Zimmer says he wants to pay more attention to the other side of the ball
EDEN PRAIRIE, Minn.—Vikings coach Mike Zimmer figures it's time to branch out.
Zimmer, a longtime defensive coordinator, spent most of his first three seasons as the Vikings' head coach working on that side of the ball. There have been few complaints about a unit that last season ranked third in the NFL in total defense.
The offense, though, has been a different story. With the Vikings coming off a season in which they ranked 28th in total offense, Zimmer is looking to be more involved in that area.
"I think I do a better job as a head coach by spreading myself out a little bit more," Zimmer said after spring drills concluded Thursday, June 15, with the final day of a three-day minicamp.
Zimmer, 61, said it's part of his evolution.
"There's so many times you get to be a head coach and you're a defensive coordinator and you come in trying to be able to get the defense fixed," Zimmer said. "Then you get fired in a year or two years, so you don't learn how to truly be a head coach. ... It takes awhile to learn this job, it really does.
"That's kind of my mentality, (which) is to continue to grow as a head coach, continue to be involved with the defense, but be a lot more involved in the overall game-type team offense, special teams."

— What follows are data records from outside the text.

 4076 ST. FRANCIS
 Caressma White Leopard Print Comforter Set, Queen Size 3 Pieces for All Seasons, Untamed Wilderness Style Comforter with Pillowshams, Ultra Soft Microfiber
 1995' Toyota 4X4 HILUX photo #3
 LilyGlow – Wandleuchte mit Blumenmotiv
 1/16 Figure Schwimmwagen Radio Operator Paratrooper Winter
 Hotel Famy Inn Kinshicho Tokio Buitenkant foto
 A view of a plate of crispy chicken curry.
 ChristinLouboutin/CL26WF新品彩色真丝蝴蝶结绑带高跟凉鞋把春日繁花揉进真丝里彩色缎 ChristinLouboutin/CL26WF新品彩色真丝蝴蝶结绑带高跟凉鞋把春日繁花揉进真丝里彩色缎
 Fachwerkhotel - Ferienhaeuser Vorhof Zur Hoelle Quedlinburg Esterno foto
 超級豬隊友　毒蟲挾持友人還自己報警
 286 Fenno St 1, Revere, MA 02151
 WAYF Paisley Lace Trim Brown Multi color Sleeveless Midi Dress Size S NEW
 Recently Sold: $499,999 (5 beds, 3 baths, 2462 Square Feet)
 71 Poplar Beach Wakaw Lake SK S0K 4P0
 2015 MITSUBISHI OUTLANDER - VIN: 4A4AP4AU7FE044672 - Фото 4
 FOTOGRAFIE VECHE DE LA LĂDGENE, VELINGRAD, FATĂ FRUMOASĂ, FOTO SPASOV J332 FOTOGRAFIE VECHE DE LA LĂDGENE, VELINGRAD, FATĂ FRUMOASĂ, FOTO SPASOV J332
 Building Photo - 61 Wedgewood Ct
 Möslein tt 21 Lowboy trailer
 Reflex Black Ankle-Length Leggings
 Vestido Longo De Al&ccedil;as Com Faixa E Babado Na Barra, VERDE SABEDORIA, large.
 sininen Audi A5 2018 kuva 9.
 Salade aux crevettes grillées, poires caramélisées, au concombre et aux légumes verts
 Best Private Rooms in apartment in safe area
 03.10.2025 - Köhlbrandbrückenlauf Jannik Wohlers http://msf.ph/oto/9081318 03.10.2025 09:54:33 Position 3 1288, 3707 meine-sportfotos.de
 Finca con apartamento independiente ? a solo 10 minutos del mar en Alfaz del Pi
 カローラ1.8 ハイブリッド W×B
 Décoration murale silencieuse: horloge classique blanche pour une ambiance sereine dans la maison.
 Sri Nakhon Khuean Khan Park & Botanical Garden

Zimmer said it's "the first time I've finally felt comfortable" enough to branch out because the Vikings "have so many guys back defensively."
With that in mind, Zimmer said he hasn't ruled out turning play-calling over to defensive coordinator George Edwards. He was impressed with the job Edwards did in a Dec. 1 game against Dallas, when Zimmer was out following emergency eye surgery the night before.
"I've thought about (not calling defensive plays) more this year than I ever had," Zimmer said. "If I did that, I think I'd be able to interject a lot. ... As of right now, I'm still (planning on) calling it. But maybe I'll be like, 'Hey, George, take this preseason game and let's see how this works out.' "
Zimmer said he has taken a more hands-on approach during end-of-the-game situations during recent minicamps. He has spent more time visiting the offensive linemen meeting room and with quarterback Sam Bradford.
"It really started when he was away those couple of weeks with his eye," Bradford said. "We would text almost every day after practice and he would just give me some thoughts about what he saw from us on offense, what the defense was trying to do. ... It's great the more Coach Zim can be involved with the offense."
How much the offense improves likely will play a big role in whether the Vikings, who won the NFC North with an 11-5 record in 2015 before slipping to 8-8 last season, can return to the playoffs.
With the Vikings' rebuilt offensive line, Zimmer said he was "really impressed" in spring drills with new left tackle Riley Reiff and with how new right tackle Mike Remmers competed against star defensive end Everson Griffen.
Zimmer said rookie Dalvin Cook has "got a chance to be an exceptional back," and he's looking forward to seeing him compete in training camp with Latavius Murray. Murray missed spring practices while recovering from ankle surgery, but Zimmer expects he will be ready by training camp.
For the first time in his Vikings tenure, Zimmer is expected to have rookies report to camp before veterans, Rookies are expected to arrive in Mankato the weekend of July 22-23, and veterans report around July 26.